Statistical parametric speech synthesis has significantly improved the quality and flexibility of speech synthesis systems. Its uses in dialect interpolation, singing synthesis, and other application areas is the subject of "Synthesizing Dialects, Faces, Singing Voices, Songbirds, and Famous Dead Actors", a talk by Michael Pucher of the Austrian Research Institute for Artificial Intelligence (OFAI). The talk is part of OFAI's 2023 Winter/Spring Lecture Series.
Members of the public are cordially invited to attend the talk in person (OFAI, Freyung 6/6/7, 1010 Vienna) or via Zoom on Wednesday, 1 March at 18:30 CET (UTC+1):
Meeting ID: 842 8244 2460
Talk abstract: During the last decades statistical parametric speech synthesis has significantly improved the quality and flexibility of speech synthesis systems. This development started with hidden Markov models (HMM) and then another big step of improvement in acoustic modeling and vocoding was made with deep neural networks (DNN). In this talk I will present a range of applications of statistical parametric speech synthesis that we have investigated. In the field of acoustic speech synthesis I will show how dialect interpolation can be realized, which allows for the generation of in-between language varieties. In audio-visual speech synthesis joint audio-visual modeling and visual control will be presented. In singing speech I will describe our work towards an opera style singing synthesis system that is trained on high quality opera singing data. A model for synthesis of singing birds will be presented that can control bird songs by symbolic input sequences. Finally, I will present a DNN-based synthesizer of a famous Austrian actor that we have built from audio book data, and that was used in a theater play. I will conclude my talk with an outlook on the future of speech synthesis technologies, remaining technical and possible societal challenges.

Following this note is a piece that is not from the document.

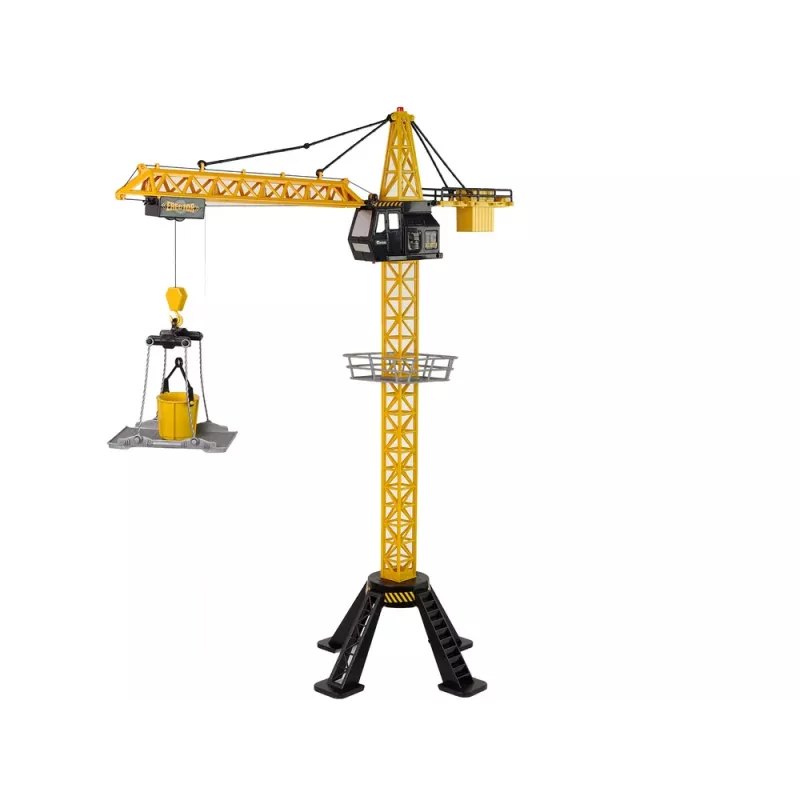 LEAN TOYS Grúa de construcción con mando a distancia kit de construcción Torre Eiffel de 90 cm de alto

Speaker biography: Michael Pucher is Senior Researcher at the Austrian Research Institute for Artificial Intelligence (OFAI) and Senior Speech Technologist at Recognosco, Vienna, Austria. He obtained his doctoral degree (Dr.techn.) in Electrical and Information Engineering from Graz University of Technology in 2007. In 2017 he received the venia docendi in Speech Communication at Graz University of Technology with a habilitation thesis on Speech Processing for Multimodal and Adaptive Systems. His research interests are acoustic modeling for speech recognition, semantic language modeling, speech synthesis for language varieties, persona design for speech-based systems, multimodal and spoken dialog systems, audio-visual speech synthesis, synthesis of singing, synthesis of animal vocalisations, digital phonetics, and sociophonetics. He has also made significant contributions in the area of speaker verification spoofing, where we showed how adaptive synthesizers can spoof a speaker verification system.